More likely? Well ... maybe.Does this bother the Republican establishment? Not at all. They get a little bothered by his off-hand comments and rejoinders to everyone who looks askance at him. Overt racist policies, ethnic cleansing, etc., inspires mild concern. I think the turning point was Trump’s reluctance to endorse Paul Ryan and other prominent Republicans – that’s getting their attention, and now the party is openly looking for ways to rein him in or read him out. I don’t think either will happen, frankly. His fellow Republicans worry about their seats, not about the planet – they don’t care that this hyper narcissistic man-baby who seems to have a fascination with nuclear weapons might become president.
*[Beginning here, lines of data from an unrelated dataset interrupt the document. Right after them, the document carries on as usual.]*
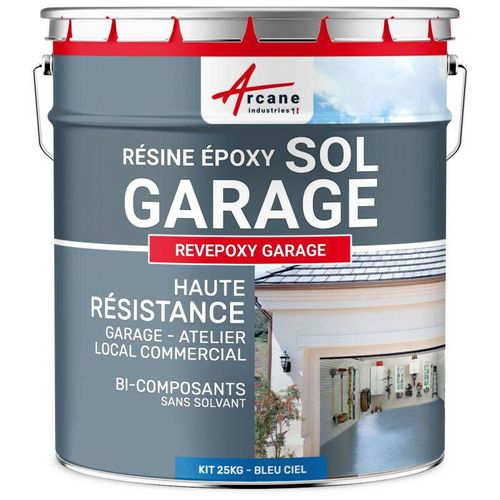 Arcane Industries – Epoxidharzlack: Garagenboden – revepoxy garage – Himmelblau ral 5015 – kit 25kg bis zu 80m² für 2 Schichten – Himmelblau ral 5015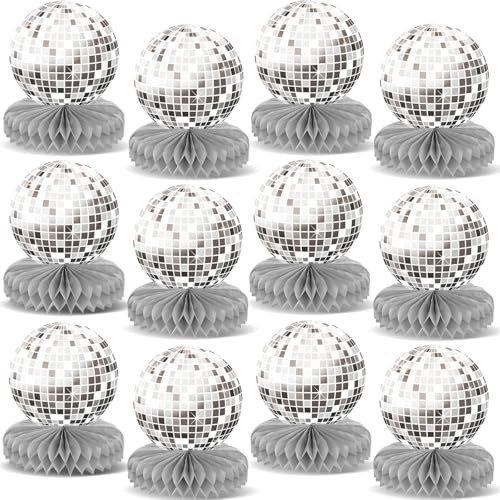Zoiiwa Prom Silver Disco Theme Party Honeycomb Centerpieces 70S Birthday Decorations Disco 12Pcs Silver
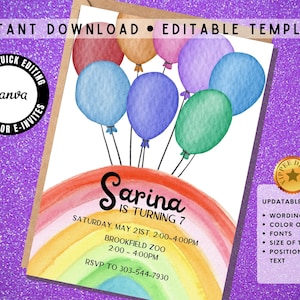 Kids Balloon Birthday Party Invitation Template Download, Digital Kids Birthday Invitation Template, Rainbow Birthday Invitation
Maybe it’s because we’ve had potential world-destroyers in the highest office before, right? Like Truman, who contemplated bombing the border between North and South Korea. Or Kennedy, who nearly blew us up over the right to keep some obsolete missiles in Turkey – missiles we had already secretly planned to remove. Or the unabashed racist Nixon who wanted to use nukes on Vietnam. Or Reagan who almost touched off a nuclear exchange with Russia by repeatedly probing their perimeter defenses until a miscalculation on the Soviet side nearly sent the missiles flying.

Or maybe it’s because they’re too craven to care about anybody other than themselves. My money’s on that one.